Sole proprietors still have the ability to max out their RRSP contributions for the year and any unused RRSP room from previous years.
As the owner of an incorporated business, your advantages are far more significant, albeit you may realize this in your corporate tax return versus your personal tax return. Because business owners can defer taking income from their business, they may choose to leave income in the business in the form of retained earnings, or pay themselves a dividend through their business. The challenge will always be getting money from your business into your hands personally, in the most tax-efficient manner.
Here are some things that you may want to consider, but keep in mind that the information here will truly help you if you use it for long-term strategy.
Taking Salary and Bonuses
Many business owners will choose to take a smaller salary and, depending upon how business goes in any given year, issue bonuses or dividends. The advantage of getting paid a lesser salary is that you fall under a lower marginal tax rate. Business owners may choose not to take a bonus in a given year, and then give themselves a bonus on January 1.
You can’t avoid paying taxes, but you can choose when you’d like to pay them. The balancing act becomes how not to pay too much personal income tax, and managing how much corporate income tax you pay. Since the small business marginal tax rate is significantly less than most personal marginal tax rates, many business owners will leave money in their business instead of taking it as personal income.
Contributing Towards RRSPs or Starting Your Own Pension
Many individuals like to contribute to their RRSP. The amount they contribute will result in a reduction of their taxable income, and thus they pay less tax in any given tax year.
Business owners can choose to contribute to their RRSP, but there’s a better way for them to fund their retirement. Business owners have the ability to start a pension (Personal Pension Plan) through their business. This is a CRA approved vehicle that will allow business owners to contribute to their retirement, and it is fully paid for by their business. This means that the business owner doesn’t need to declare this amount as personal income, and the business can write this entire amount off as a business expense.
The pension is a business expense. It also allows you significantly greater contribution room than an RRSP. It is completely creditor protected (meaning no creditor can go after it). It also has some additional tax advantages that can allow you to claim for past service, and you can top up your pension and retire before 65 without impacting your pension amount.

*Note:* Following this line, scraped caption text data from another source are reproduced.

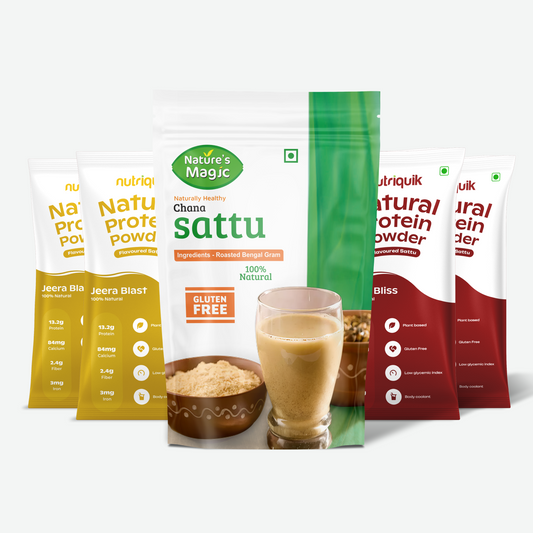 Combo: 1 Pack Nature's Magic Chana Sattu + 2 Pack Nutriquik Jeera Blast + 2 Pack Kesar Bliss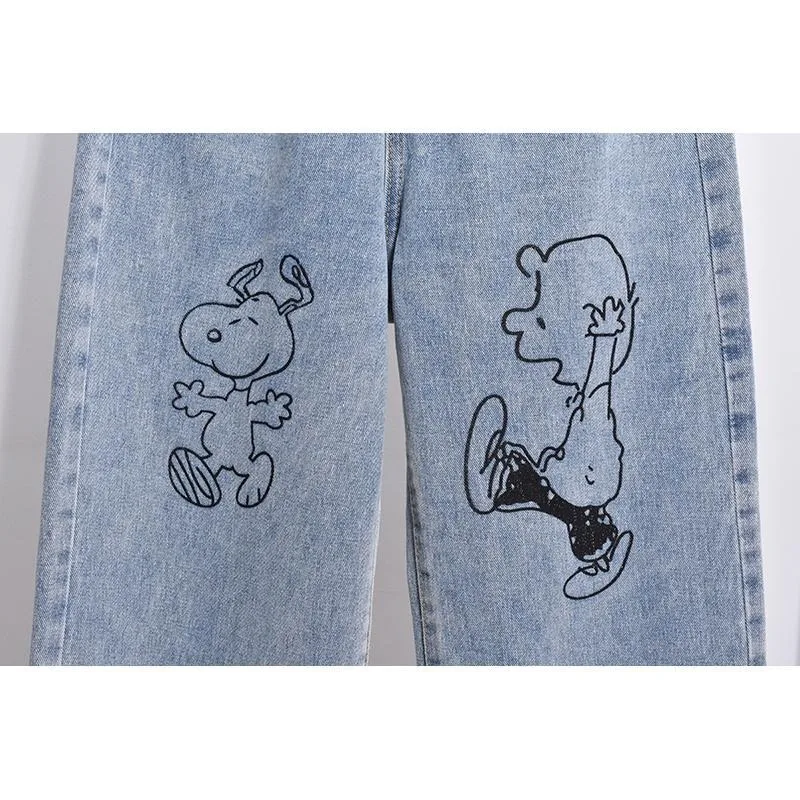 Kawaii Snoopy cartoon printed wide leg jeans for women autumn new high waist loose straight trousers surprise gift wholesale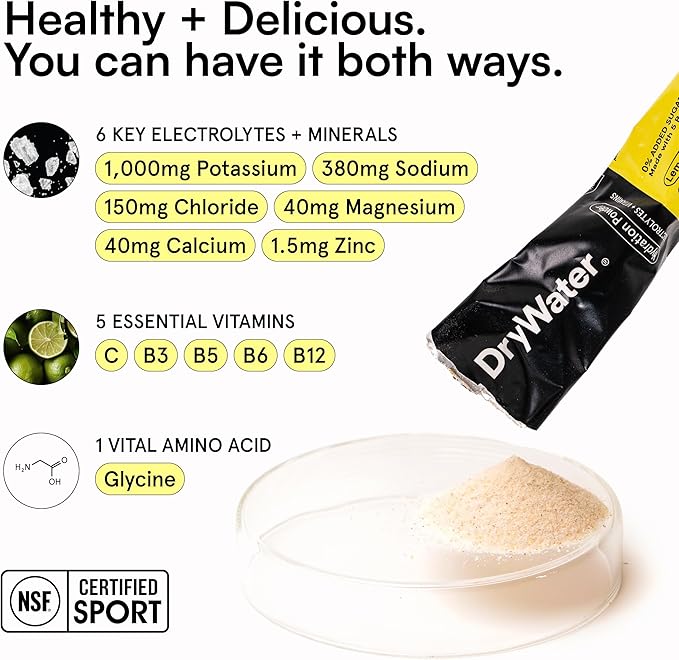 DryWater Electrolyte Powder Packets, Lemon Lime - Hydration Packets Drink Mix with Zero Added Sugar for Rehydration & Energy - 6 Key Electrolytes, 5 Essential Vitamins & 5 Real Fruits - 12 Pack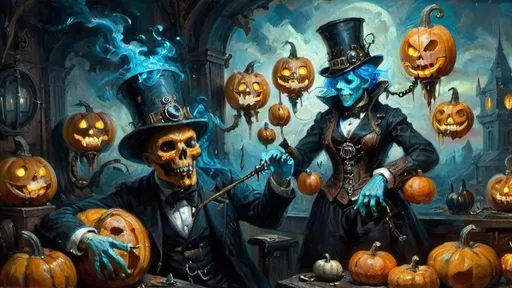 Prompt: Anthropomorphic
Strigoi toil away
Steampunkesque, sentient
technologically apt
Blunderbuss muzzle flashes
eschatologically 
By augury's hue
Strigoi tendrils hued neon
Unfurling their dread
In machinist gloom
Electric azure punctuates
Phantasmagoric
Intricately carved pumpkins
Chiaroscuro's embrace
Amidst gourd carved lantern woe
Rusty spires ascend
Mist enshrouds ephemeral
Realms straddle and scream
Vibrant hues collide
Spectral visages convulse
Enigmatic dread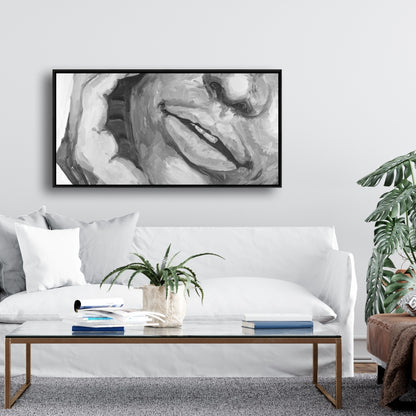 Toile encadrée grise « Lèvres irrésistibles » – Décoration de chambre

This is a smarter option for business owners than simply contributing to their RRSP.
Spousal Support Payments
If you pay spousal support, you will be able to claim that amount as a tax credit against your personal income tax return.
Many spousal support agreements are revisited on an annual basis depending upon how much personal income you and your ex-spouse declare. In any given year, your annual income may change. This can reflect upon your child or spousal support obligation, positively or negatively.
This can relate to both incorporated and sole proprietorship business owners.
As a business owner, you can’t look at your personal income tax without looking in tandem with your corporate income tax. Businesses have good years and bad years, and the income of a business owner is directly related to this reality.
Regardless of your situation, it’s important to meet with a qualified accounting professional to ensure that you receive the most sound advice.